Session 2. Changing Context and Shape of the Public Sector
Why does government intervene in market? What is the changing view and trend about the government? What is the appropriate size of government?
- Van der Wal, Z. 2017. "Chapter 2. 'Traditional' versus 'New'." The 21st Century Public Manager. London: Palgrave Macmillan, p.17-36.
- Kwak, James. 2011. "What Do You Mean, 'Government Is Too Big?" The Atlantic. Available at https://www.theatlantic.com/business/archive/2011/07/what-do-you-mean-government-is-too-big/242093/ (English).
- [In-Class Discussion] Divide into groups. Each group should identify major policy areas at international, national, and local level where it believes current government policy in Vietnam needs to change.
- [In-Class Assignment] Assignment sheet will be distributed. Please read the charts and questions, answer carefully, and submit by 8.20 a.m. prior to the class on April 4.
This course is designed to explore significant developments and themes in the field of public management. This course serves the needs of those who wish to learn how public, private, and non-profit sectors as well as general citizens work together in producing 'public goods.' Traditional public administration and management literature has mainly focused on the role of government agencies in public affairs, but with increasing external pressure and changing environment, co-production of public good and using business strategies in public organizations are increasingly an unavoidable trend. We explore the proposition that more opened and collective engagement can make governance more legitimate, fair, and effective by examining many innovations in governance that range from neighborhood to national scale, in the United States, Europe, Latin America and East Asia as well as Vietnam. These 'real world' cases range across many issues. This course will expose students to management theories and frameworks as well as strategies, tools and heuristics for managing public organizations in their current environment.

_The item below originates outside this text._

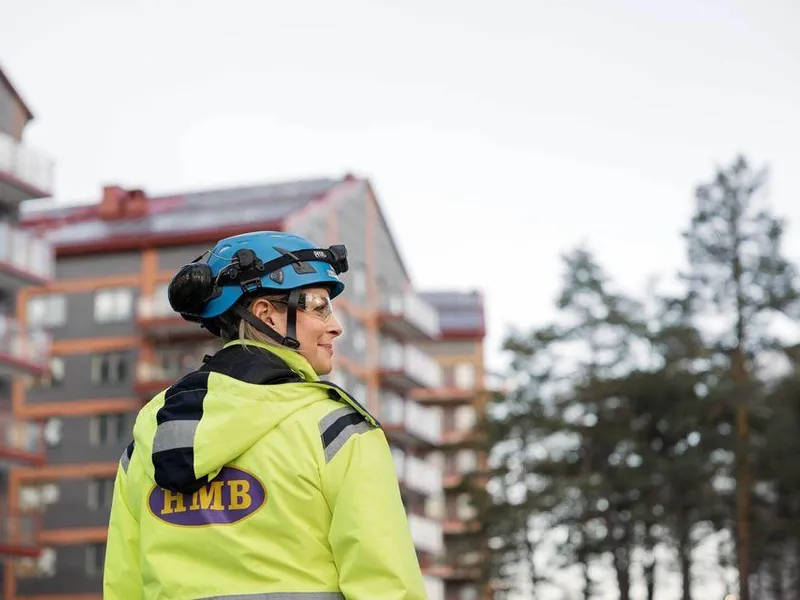 AF Gruppens datterselskap, HMB Construction, har inngått kontrakt om bygging av et industribygg for Westinghouse Electric Sweden i Västerås. Ill. foto.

This course in Public Management is built on lectures and students' contribution through class discussion, case works, small group breakout sessions, and problem-solving discussions. Individual students will practice analytical skills and writing skills, including how to write clear concise reflection papers. The objective of this course is for students to gain an overview of both issues and practices related to public management while acquiring skills for working in small groups. Detailed course objectives are:
* Provide students with a clear understanding of the characteristics of public management
* Enhance student's understanding of core competences required to comprehend public organizations' environment and strategically manage their stakeholders and their operations.
* Increase students' awareness and expertise of managerial strategies, tools and practices they may enact to reach public organization's objectives and to improve their performances.
* Enable students to develop their skills and techniques needed to be successful public managers.
* Provide students with comparative methods & the examples of best practices.